More Regret
Posted by harlan on 12 Mar 2008 at 01:47 pm | Tagged as: talking to the void
I feel bad for transcribing Bertha’s phone messages in yesterday’s post. While they seemed funny and a little scary to me, they don’t reflect the real Bertha. In fact, I feel bad for calling her “Bertha.” I should have called her “Jennifer” or at least something less witchy like “Matilda.” You see, Bertha came over to my condo last night. Fortunately, I had left the front door unlocked, so she just walked in when I didn’t answer. (I NEVER answer the doorbell unless I’m expecting someone.) If I had locked the door, I wouldn’t have gotten to know Bertha well enough to know that she isn’t crazy, unless of course she climbed through a window. She has a strong will and a forcefulness that’s refreshing. I even like the way she walks. She hangs a little forward and stomps along as if she’s constantly regaining her balance. Something about her combination of vulnerability and assertiveness appeals to me. We’re going out on a date on Friday night. Just the two of us. She’s driving.
Isolation score: 1
Oh for crying out loud, it’s a match made in heaven. Bertha’s not the only one in the relationship who needs to regain her balance.
Well all I can say is…wear your seatbelt. You’re in for a crazy ride!
Are you sure you’re not dating Walter Matthau in drag? Wait, he’s dead.
You’re going out for sushi, right?
Why not lock the door and leave a window open this evening. Let’s see what happens.

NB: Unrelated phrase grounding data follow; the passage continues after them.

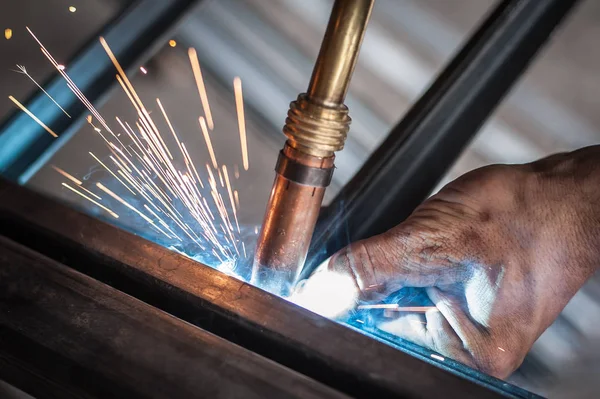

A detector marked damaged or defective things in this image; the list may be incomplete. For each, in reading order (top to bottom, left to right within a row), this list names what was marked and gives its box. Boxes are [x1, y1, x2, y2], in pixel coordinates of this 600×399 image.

rusty metal surface [0, 236, 346, 398]
rusty metal surface [0, 180, 516, 398]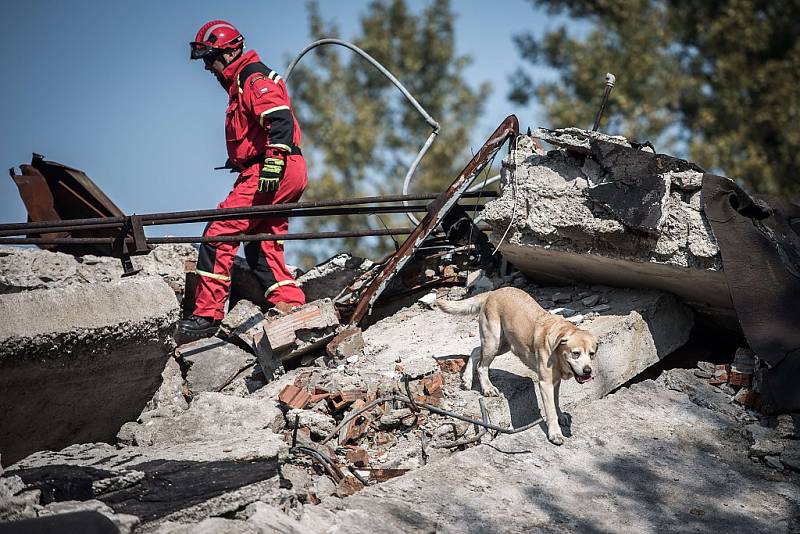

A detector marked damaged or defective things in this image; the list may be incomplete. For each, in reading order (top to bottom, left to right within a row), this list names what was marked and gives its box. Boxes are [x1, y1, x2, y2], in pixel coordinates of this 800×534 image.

rusted metal sheet [9, 153, 126, 258]
rusty metal beam [348, 115, 520, 328]
rusted metal sheet [350, 116, 520, 326]
broken concrete slab [482, 134, 732, 322]
broken concrete slab [0, 276, 178, 468]
broken concrete slab [177, 342, 255, 396]
broken concrete slab [306, 372, 792, 534]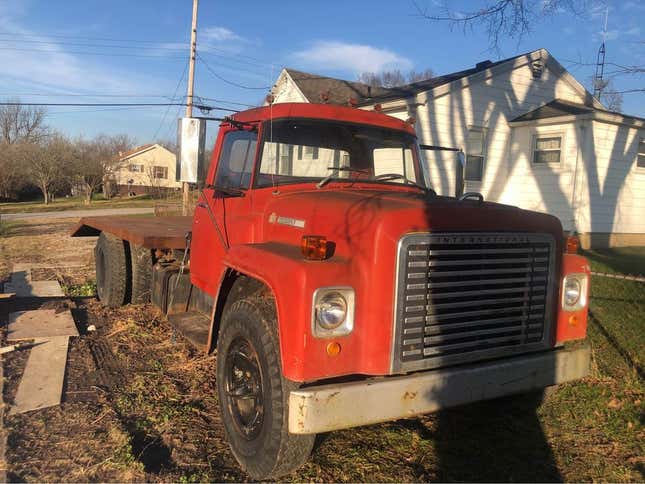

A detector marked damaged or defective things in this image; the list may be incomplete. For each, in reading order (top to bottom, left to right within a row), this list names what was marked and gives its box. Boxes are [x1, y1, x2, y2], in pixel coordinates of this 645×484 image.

rusty bumper [286, 344, 588, 434]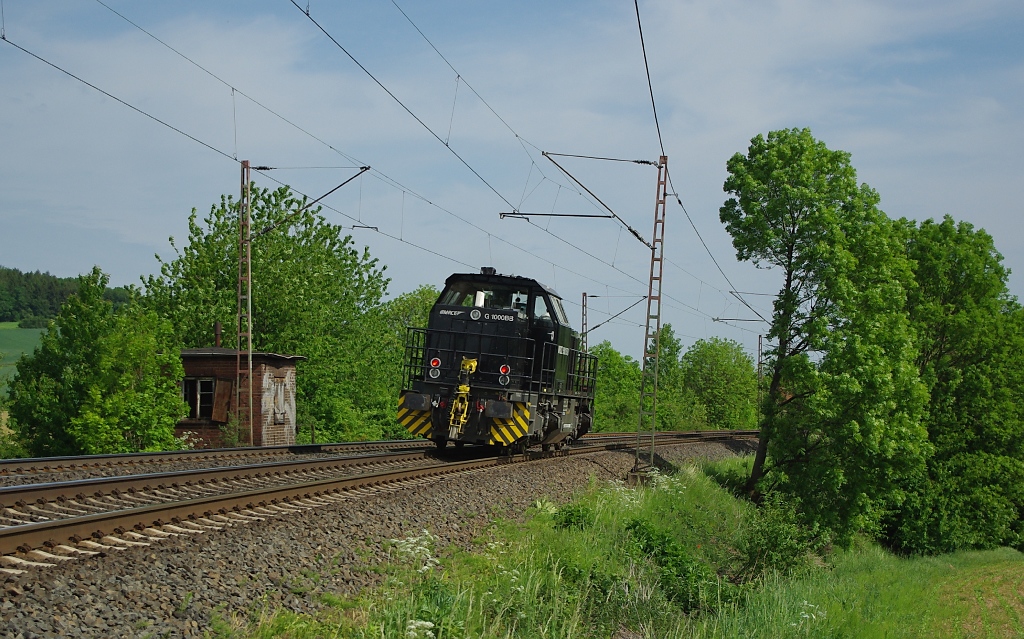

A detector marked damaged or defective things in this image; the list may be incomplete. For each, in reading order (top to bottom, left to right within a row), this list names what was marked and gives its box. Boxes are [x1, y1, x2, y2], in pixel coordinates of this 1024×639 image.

rusty metal pole [235, 161, 253, 446]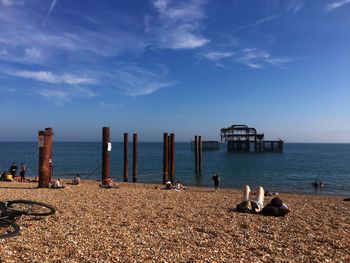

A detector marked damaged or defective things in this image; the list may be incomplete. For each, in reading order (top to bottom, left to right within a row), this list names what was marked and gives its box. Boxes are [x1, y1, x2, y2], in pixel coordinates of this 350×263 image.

rusted metal framework of pier [220, 125, 284, 154]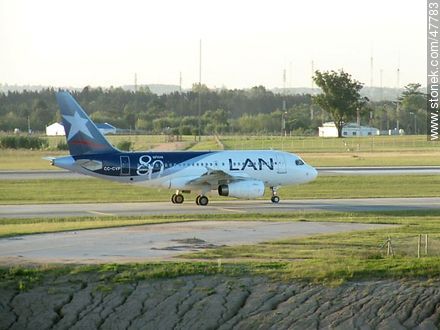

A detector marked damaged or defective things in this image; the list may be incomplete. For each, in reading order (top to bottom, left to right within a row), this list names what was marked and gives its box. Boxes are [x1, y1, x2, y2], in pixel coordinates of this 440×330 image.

cracked concrete surface [1, 276, 438, 330]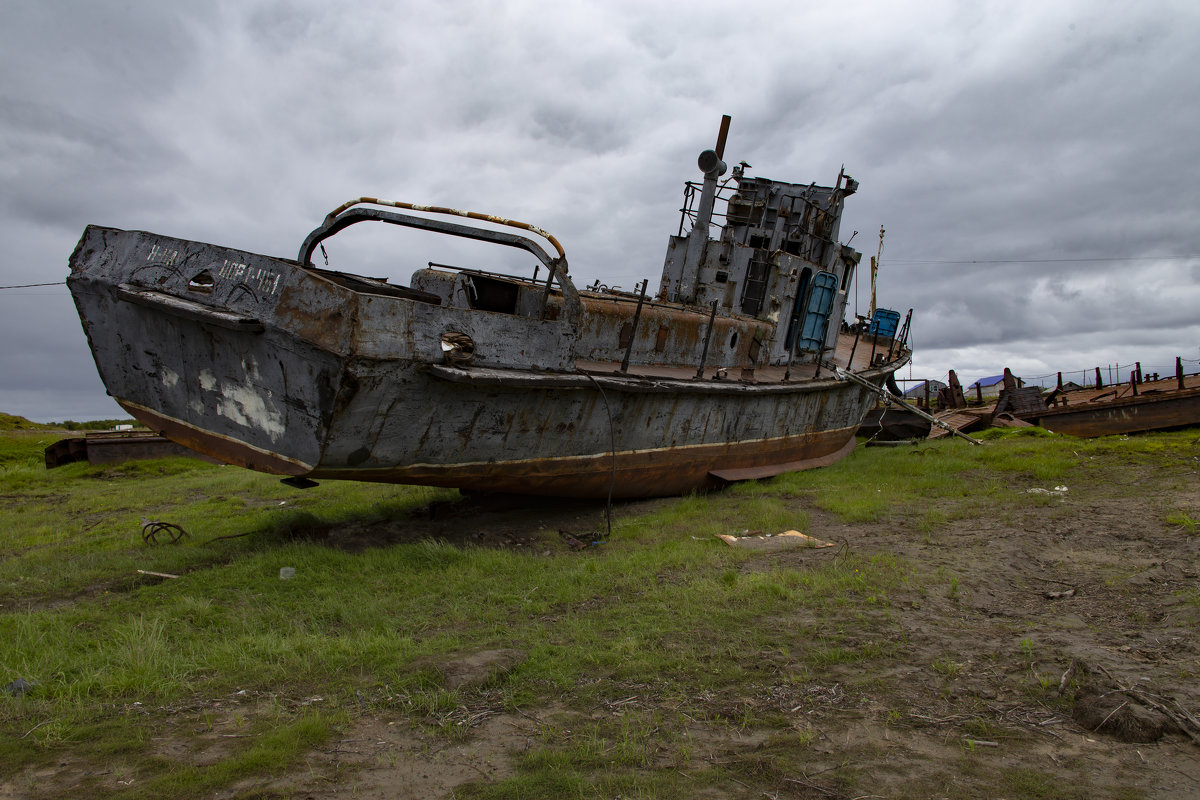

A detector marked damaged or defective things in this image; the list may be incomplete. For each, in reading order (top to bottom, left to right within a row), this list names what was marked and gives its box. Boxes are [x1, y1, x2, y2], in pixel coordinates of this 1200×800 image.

rusted hull [1020, 388, 1200, 438]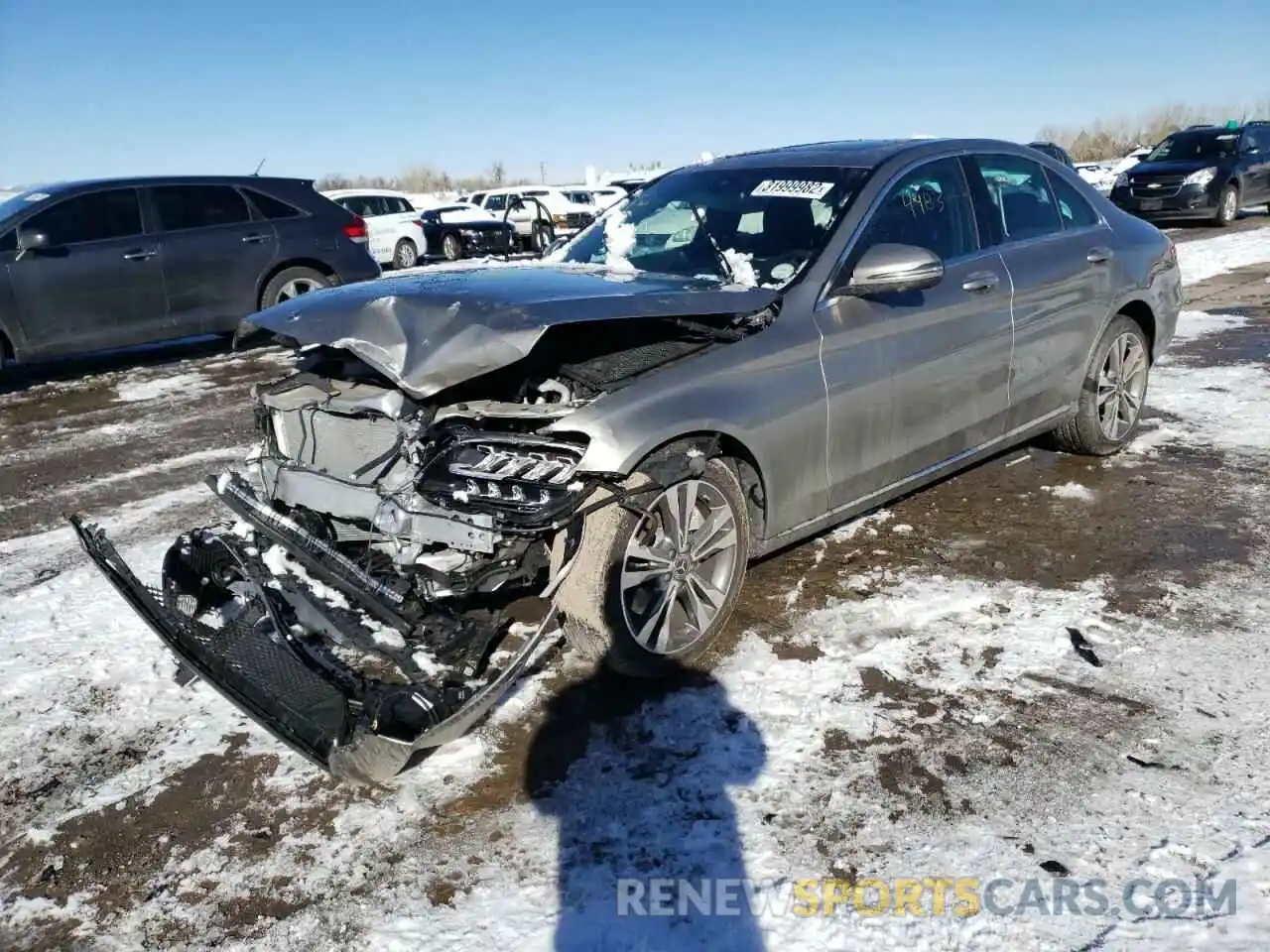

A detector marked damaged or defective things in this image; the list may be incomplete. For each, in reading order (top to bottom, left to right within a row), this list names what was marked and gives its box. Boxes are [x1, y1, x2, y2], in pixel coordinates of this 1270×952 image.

crushed front bumper [66, 476, 568, 781]
crumpled hood [237, 262, 774, 397]
broken headlight [421, 436, 591, 524]
damaged mercedes-benz [69, 140, 1183, 781]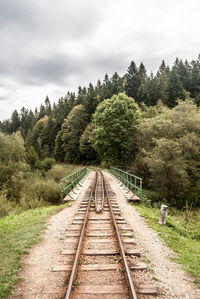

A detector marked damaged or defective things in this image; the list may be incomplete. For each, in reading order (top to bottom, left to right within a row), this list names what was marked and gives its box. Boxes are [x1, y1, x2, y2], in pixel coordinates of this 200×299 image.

rusty railway track [63, 170, 157, 298]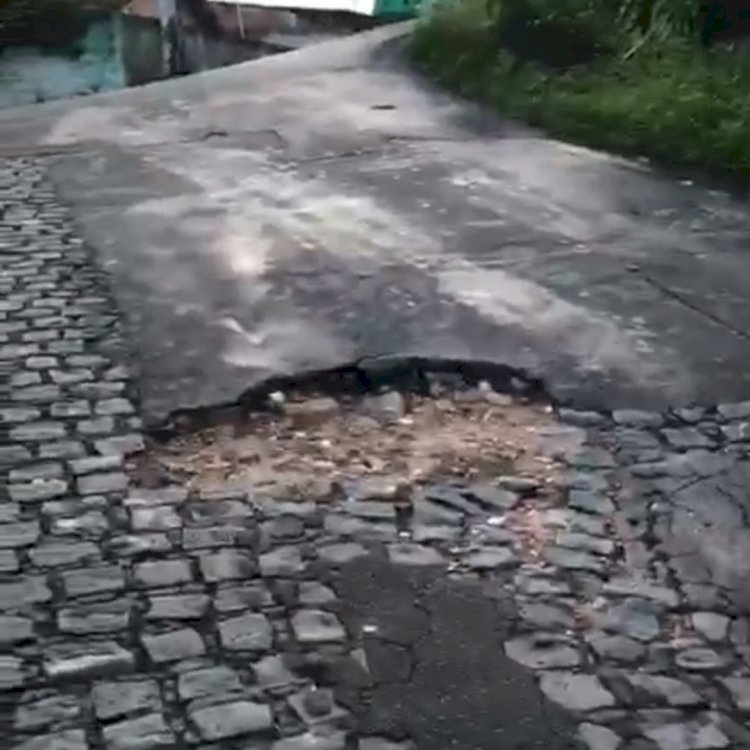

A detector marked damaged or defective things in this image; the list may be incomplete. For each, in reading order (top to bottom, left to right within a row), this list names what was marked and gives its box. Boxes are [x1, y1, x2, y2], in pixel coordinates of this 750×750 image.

dirt in pothole [135, 384, 568, 502]
large pothole in road [131, 374, 576, 516]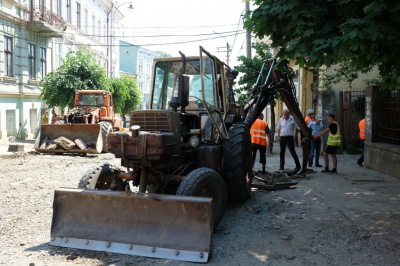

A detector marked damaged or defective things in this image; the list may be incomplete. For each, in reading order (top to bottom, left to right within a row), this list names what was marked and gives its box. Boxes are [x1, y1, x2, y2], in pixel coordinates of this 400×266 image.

rusty metal surface [34, 124, 102, 154]
rusty metal surface [50, 188, 212, 260]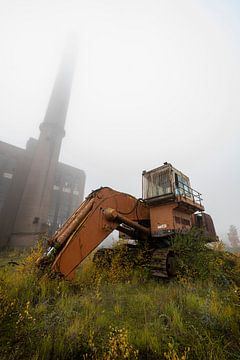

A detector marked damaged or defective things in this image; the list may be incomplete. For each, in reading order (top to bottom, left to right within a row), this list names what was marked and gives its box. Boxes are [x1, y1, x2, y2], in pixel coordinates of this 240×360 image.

rusty orange excavator [36, 162, 217, 278]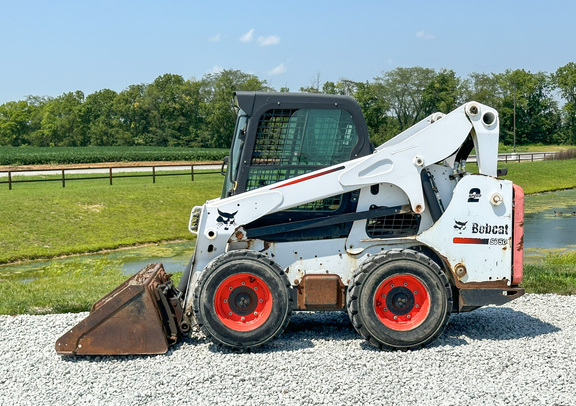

You should go buy new pants soon.
This post sounds kinda fishy to me… Writing styles off…Are you being forced to write this at gunpoint? Hahaha, jokes man, have fun with Bertha! and yeah, pants are prolly a good idea.
Could Bertha realistically fit through your window, or was that sort of a figure of speech?
Sorry for the movie references, but this sounds a lot like a combination of “Shallow Hal”, “40 Year Old Virgin”, and “Fatal Attraction”. I can’t wait for the ending.
You are full of shit.
Someone tell HER men are suppose to chase the women.
Are you wearing sweats ?
I just found your blog today. Something in it appeals to me. I wish you all the best with the date. Just try not to analyze everything you are going to say before you say it, ok? Try to relax (I know it might be difficult, but still).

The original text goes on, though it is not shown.